• **PROBLEM DESCRIPTION**
Your response should be an exact transcription of the data, images excluded.

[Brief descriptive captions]
--------
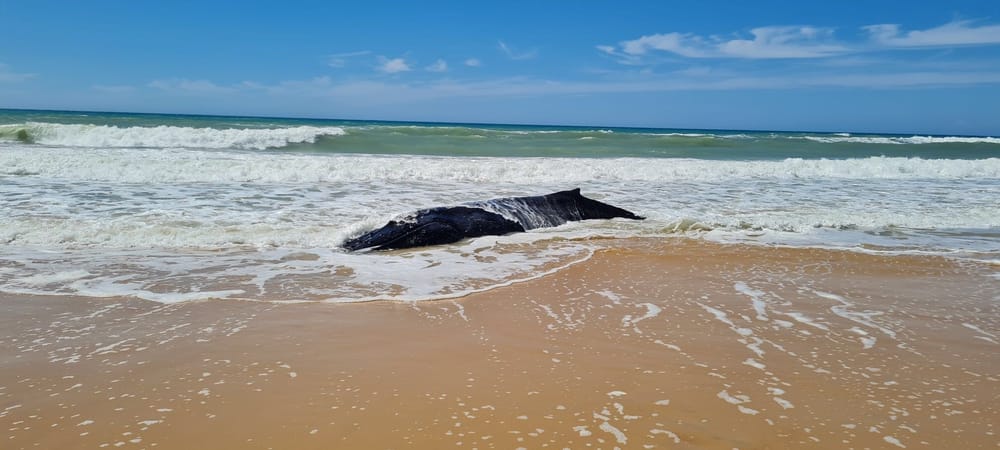 Euthanasia ‘only option’ for whale washed ashore post image
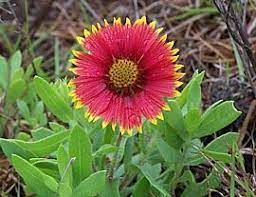 In spring and summer they have a native plant sale (behind the main building) and distribute free seeds to members. Get Those Autumn Native Plants At Our Sale North Carolina Coastal Federation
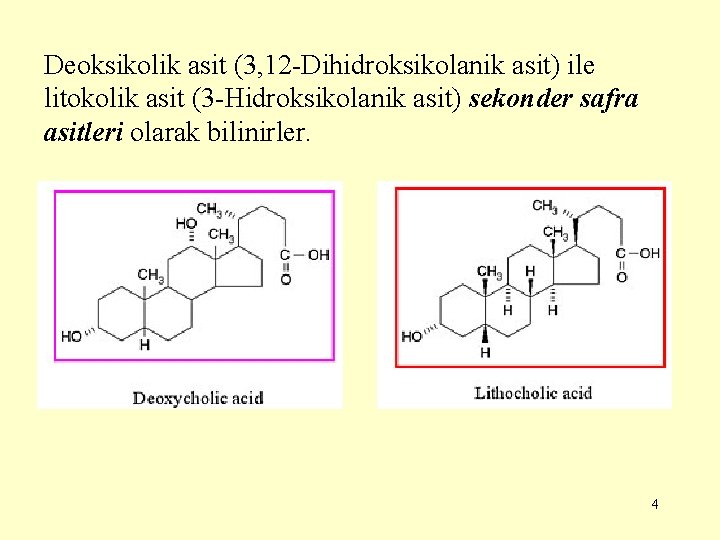 Deoksikolik asit (3, 12 -Dihidroksikolanik asit) ile litokolik asit (3 -Hidroksikolanik asit) sekonder safra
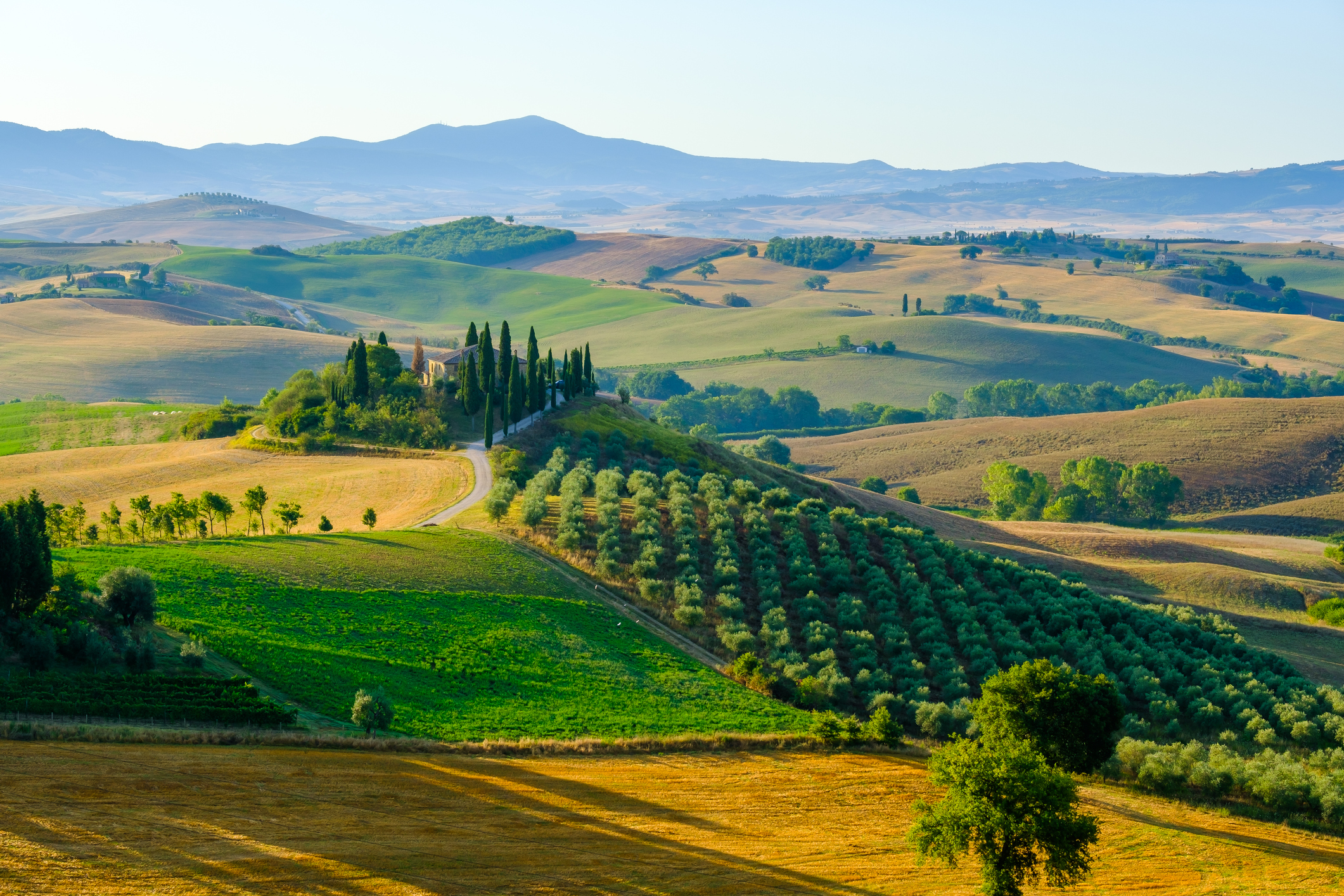 8 dagen Toscane in busreis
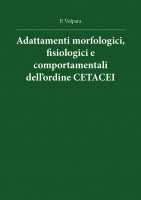 Adattamenti morfologici, fisiologici e comportamentali dell'ordine cetacei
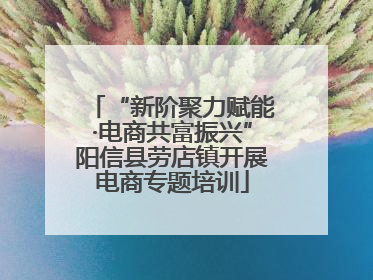 “新阶聚力赋能·电商共富振兴”阳信县劳店镇开展电商专题培训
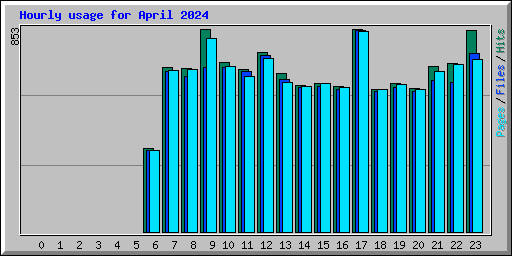 Hourly usage for April 2024
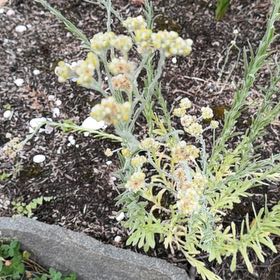 Photo of the plant species Jersey Cudweed by @DisarmingFicus named Sigmund on Greg, the plant care app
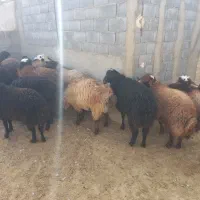 ۱۲ عدد بره نر بفرش میرسد|حیوانات مزرعه|کمیجان, |دیوار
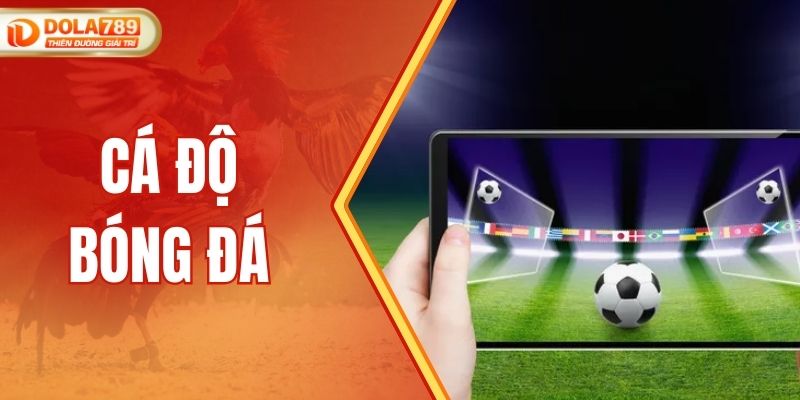 Kinh Nghiệm Cá Độ Bóng Đá Hiệu Quả Cho Người Mới Tham Gia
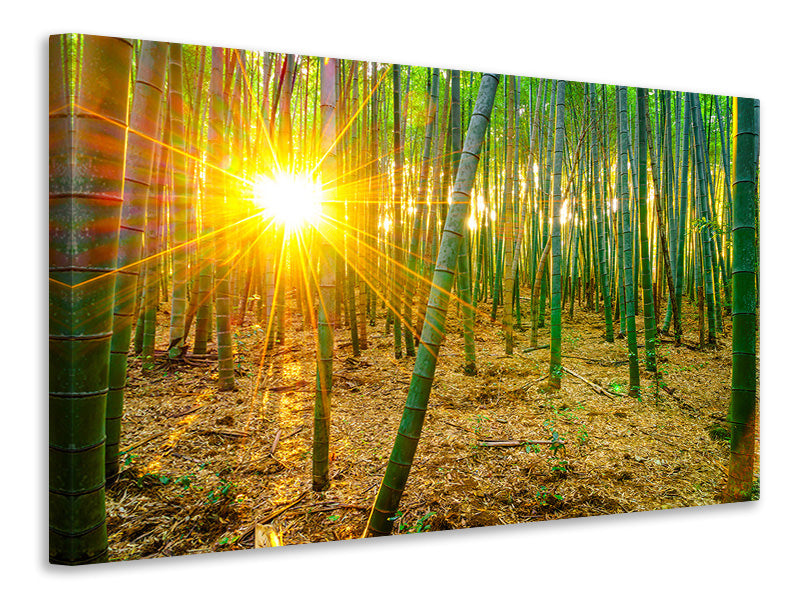 Canvas print Bamboos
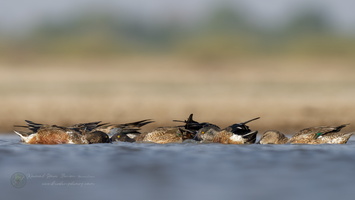 Northern shoveler (Spatula clypeata) (3)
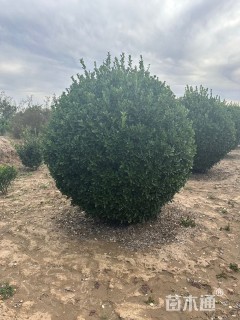 冠幅350厘米大叶黄杨球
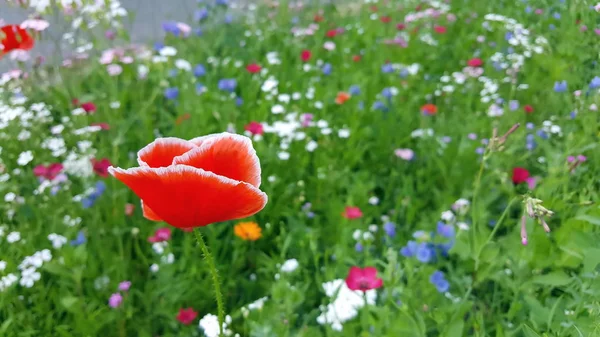 Flower Meadow Summer Red Poppies — Stock Photo, Image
--------
• **COMPLETED EXERCISE**
 Euthanasia ‘only option’ for whale washed ashore post image
 In spring and summer they have a native plant sale (behind the main building) and distribute free seeds to members. Get Those Autumn Native Plants At Our Sale North Carolina Coastal Federation
 Deoksikolik asit (3, 12 -Dihidroksikolanik asit) ile litokolik asit (3 -Hidroksikolanik asit) sekonder safra
 8 dagen Toscane in busreis
 Adattamenti morfologici, fisiologici e comportamentali dell'ordine cetacei
 “新阶聚力赋能·电商共富振兴”阳信县劳店镇开展电商专题培训
 Hourly usage for April 2024
 Photo of the plant species Jersey Cudweed by @DisarmingFicus named Sigmund on Greg, the plant care app
 ۱۲ عدد بره نر بفرش میرسد|حیوانات مزرعه|کمیجان, |دیوار
 Kinh Nghiệm Cá Độ Bóng Đá Hiệu Quả Cho Người Mới Tham Gia
 Canvas print Bamboos
 Northern shoveler (Spatula clypeata) (3)
 冠幅350厘米大叶黄杨球
 Flower Meadow Summer Red Poppies — Stock Photo, Image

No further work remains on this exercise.